By James Thomson
Just over 30 years ago, back when Barrenjoey was just a suburb near Palm Beach, the broking house that veteran investor Geoff Wilson was working for at the time invited then Reserve Bank of Australia governor Bernie Fraser to lunch.
Inflation was running at about 6 per cent at the time, but Fraser asked the assembled brokers to write down what they thought the actual rate of inflation was. All the estimates came in higher than the official number.
“Bernie spent the rest of the lunch trying to convince us we were wrong,” Wilson recalled on Wednesday at a panel for Future Generation, which operates two philanthropy-focused listed investment companies.
Wilson doesn’t believe inflation expectations are unanchored today, as Fraser feared they were back then. And Wednesday’s consumer price index, which showed the headline rate of annual inflation fell from 7.8 per cent in the December quarter to 7 per cent in the March quarter, with the all important trimmed-mean measure slowing from 6.9 per cent to 6.6 per cent, supports this view.
But Wilson points out that a generation of Australians is learning to live with inflation for the first time, and that it will take some time before inflation is anywhere near the RBA’s target of 2 per cent to 3 per cent.
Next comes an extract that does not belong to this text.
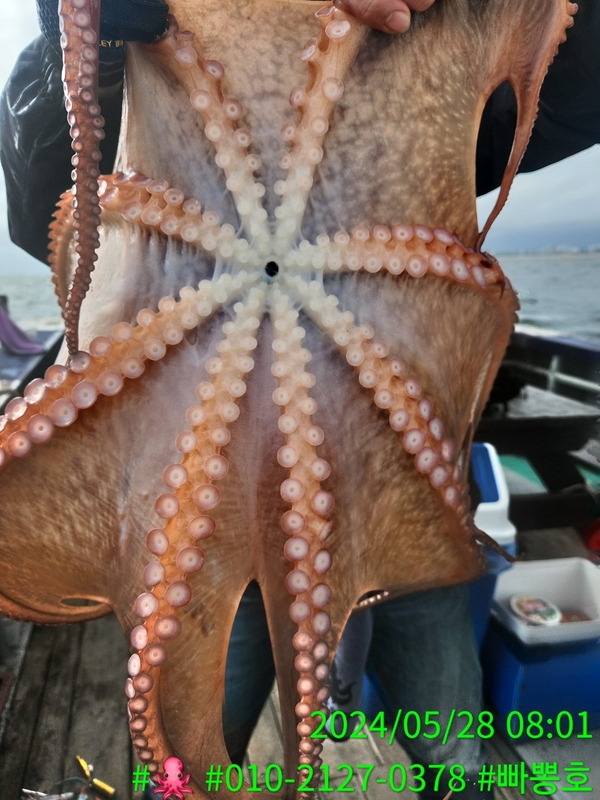 빠뽕호의 조황일지 이미지 - 3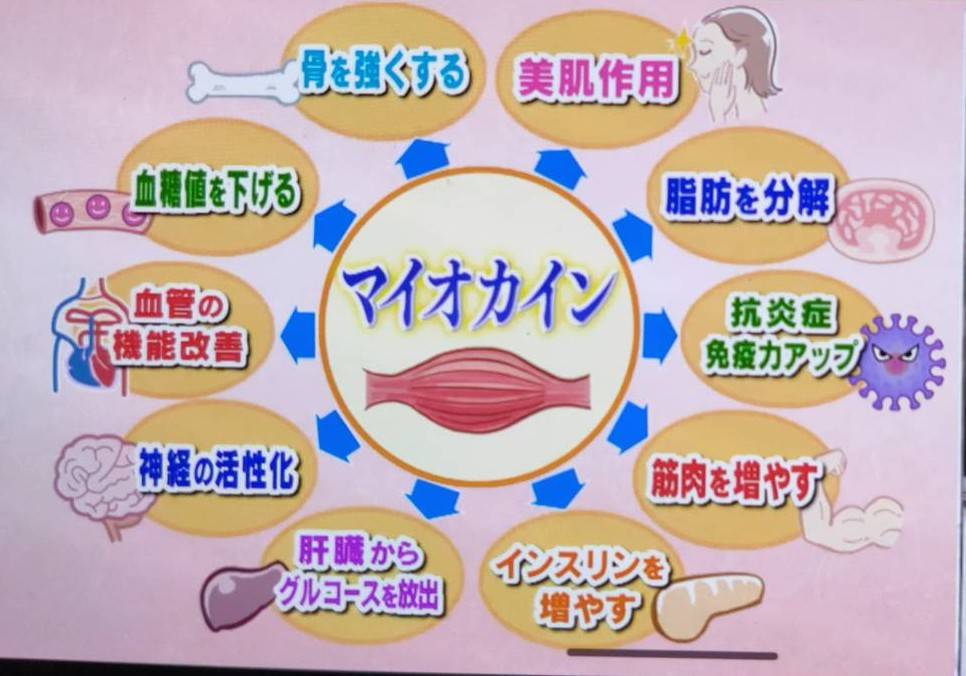 ダウンロード (4)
Money markets suggest that the inflation data – and particularly the slightly lower than expected number for the trimmed mean – have given the RBA the excuse it was looking for to keep rates on hold, with the probability of a 0.25 percentage point rate rise next Tuesday dropping from 35 per cent at the start of the week to just 9 per cent.
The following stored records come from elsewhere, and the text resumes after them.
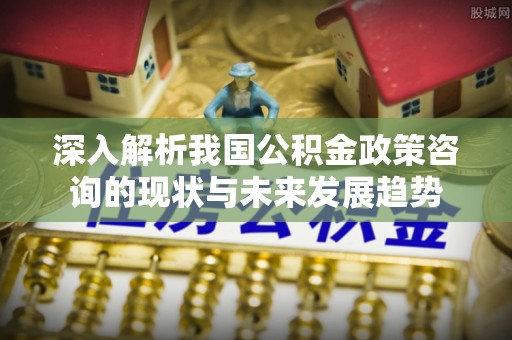 邯郸深入解析我国公积金政策咨询的现状与未来发展趋势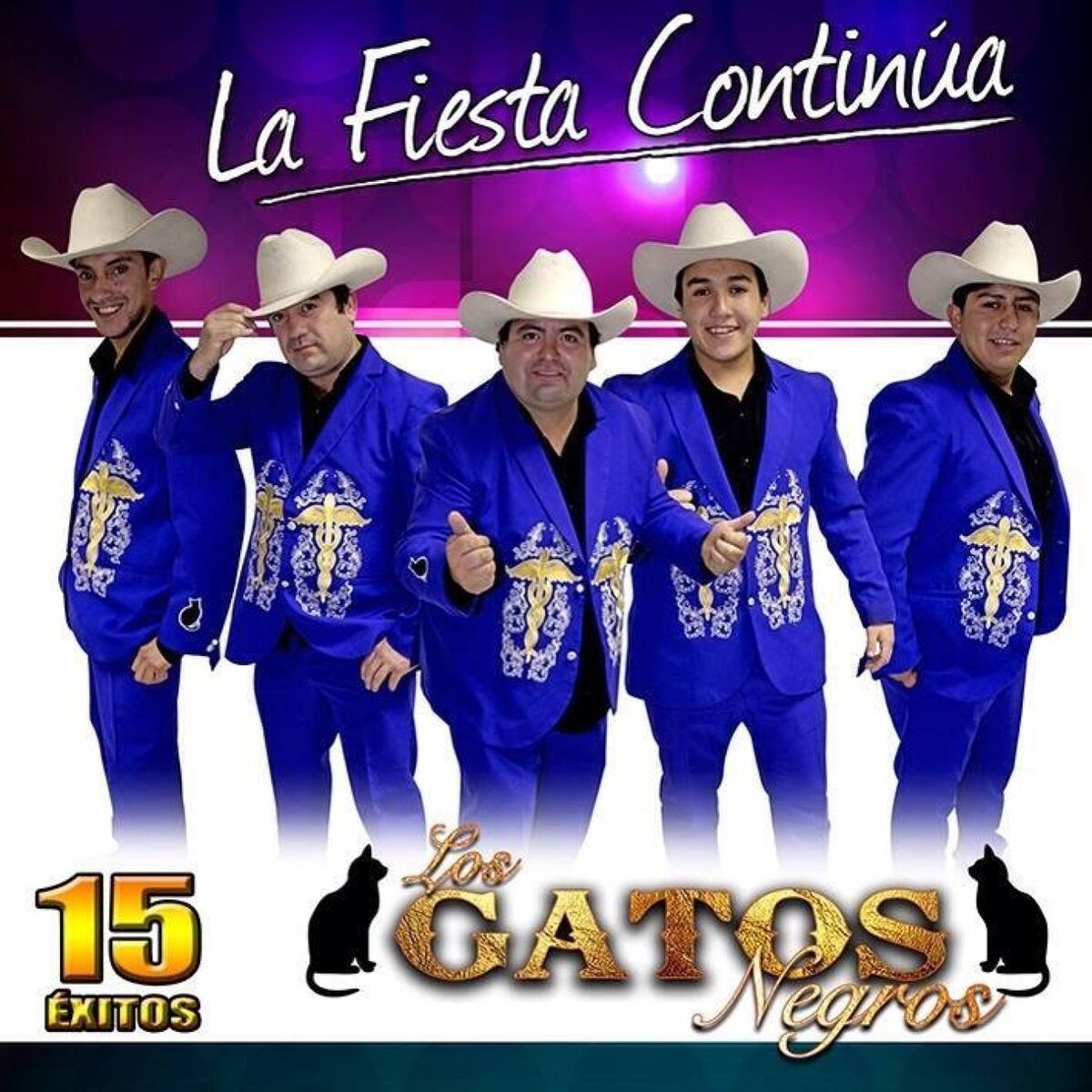 Album cover of La Fiesta Continúa - 15 Éxitos
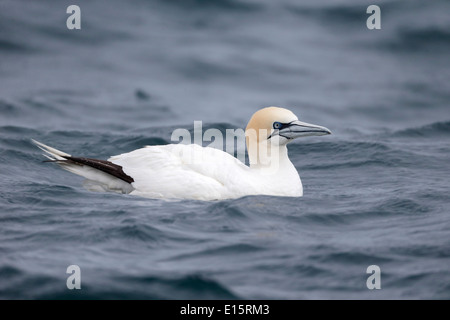 Gannet, Sula bassana, single bird on water. Northumberland, May 2014 Stock Photo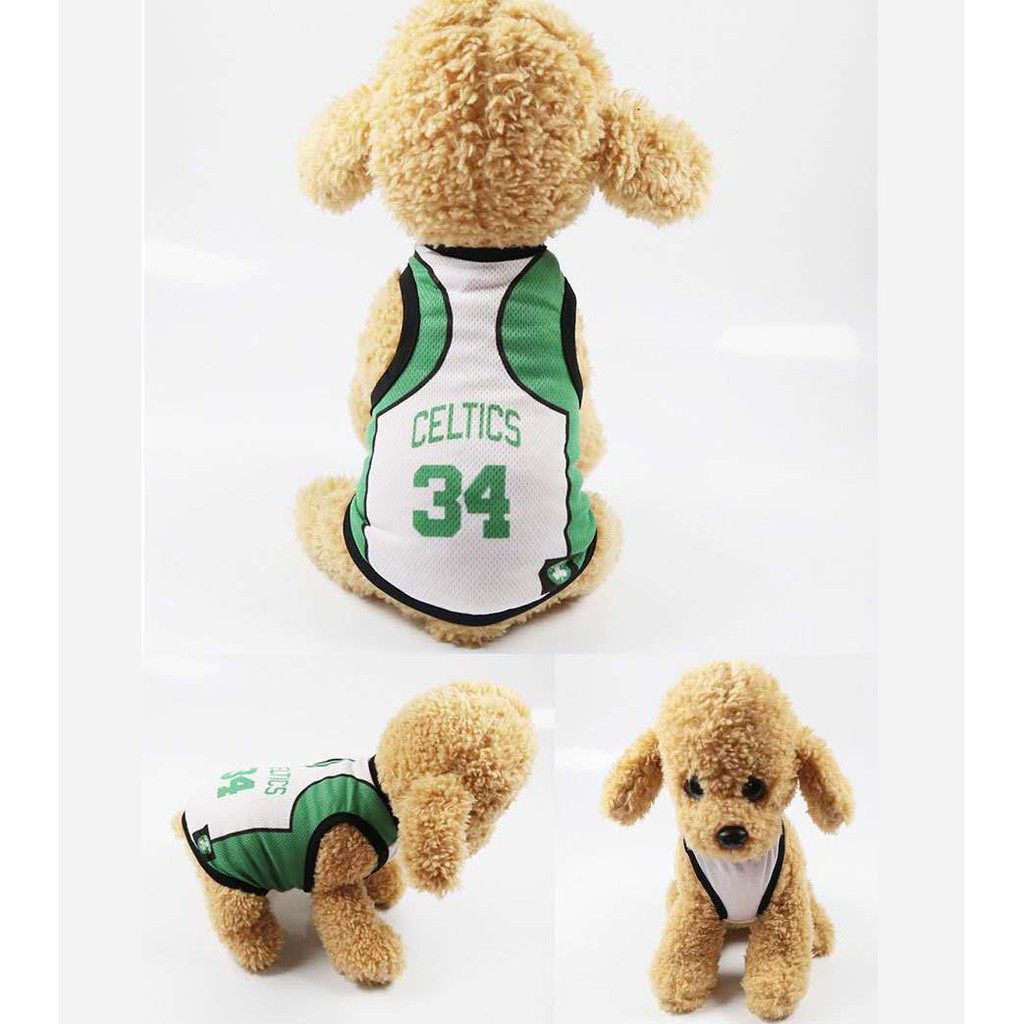 celtics dog jersey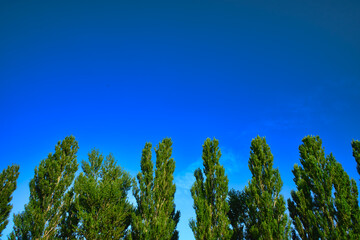 大空にそびえる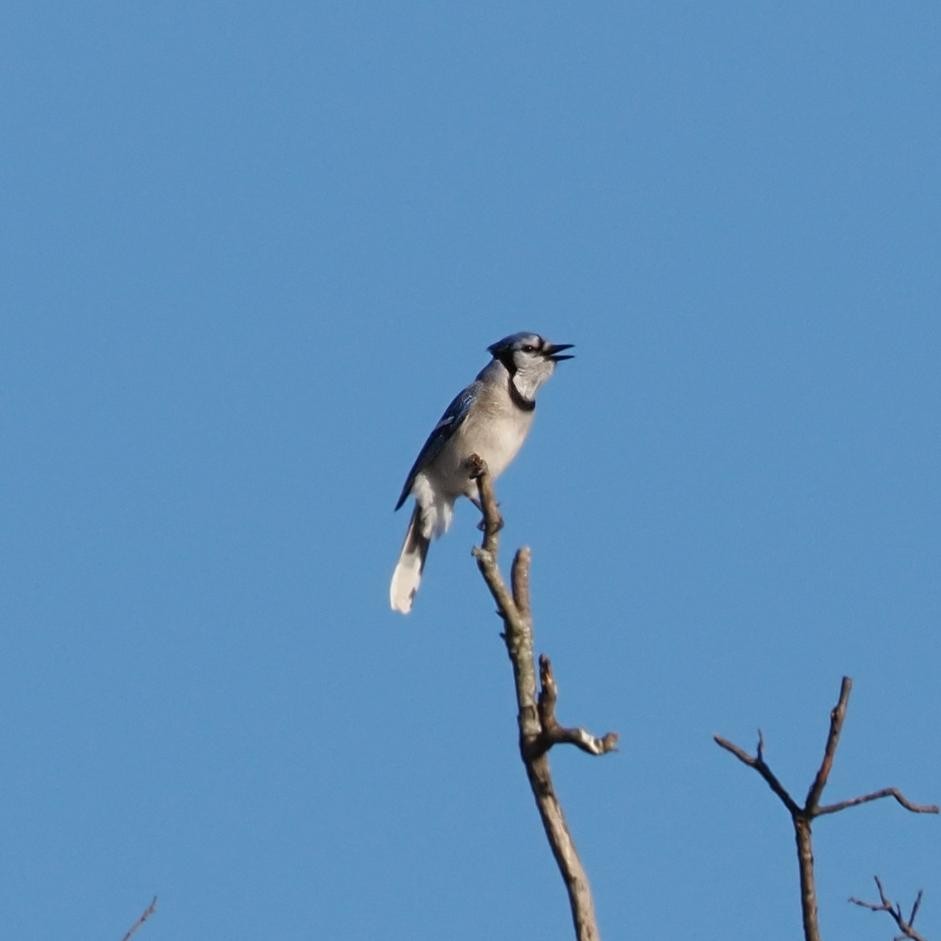 Blue Jay - ML644093219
Royal Bank of Canada chief economist Su-Lin Ong and Betashare’s David Bassanese went further, declaring governor Philip Lowe’s tightening cycle is now over.
“For an RBA that is reluctant to tighten much further and prepared to tolerate higher inflation to preserve the labour market gains, today’s data provide an excuse to stay on hold,” Ong said.
On the face of it, this would seem like an unlikely position for the central bank to adopt, given it was so stridently declaring just a few months ago that it would do whatever required to bring inflation back to target. While inflation has peaked, and the lagged way monetary policy works means the impact of the rate hikes already delivered are still flowing through, inflation remains uncomfortably high and real interest rates remain deeply negative.
Bassanese argues the RBA can take comfort in two factors. First, wage pressures remain far more muted than in other economies, and rising immigration should further help contain any wage outbreak. Second, the high level of variable mortgages in Australia means the transmission effect of higher official rates will be higher here than in other markets, with consumer spending already showing signs of weakening.
Ong also says the RBA is prepared to live with higher inflation. Yes, services inflation – particularly rents and utilities – remains more elevated than the RBA would like, and for those that see a further hike from the RBA either next week (such as Commonwealth Bank) or a few months from now (such as ANZ) it is services inflation that remains the key concern. But Ong argues a central bank that is dovish by nature will now want to see data that provides compelling reasons to tighten further.
As Chanticleer has previously argued, inflation challenges facing this RBA board and future ones are likely to remain tricky. Even as inflationary pressures from the pandemic fade, new pressures from defence spending, the rebuilding of supply chains and the energy transition will emerge.
The risk is that by accepting higher inflation now, the RBA faces a tougher job pushing the rate back down towards its target band down the track.
The prospect of what a higher level of inflation means for asset prices over the longer term is something investors should think through.
But for now, the headline news is that the peak in inflation is safely behind us, and the peak in interest rates is either here or very close.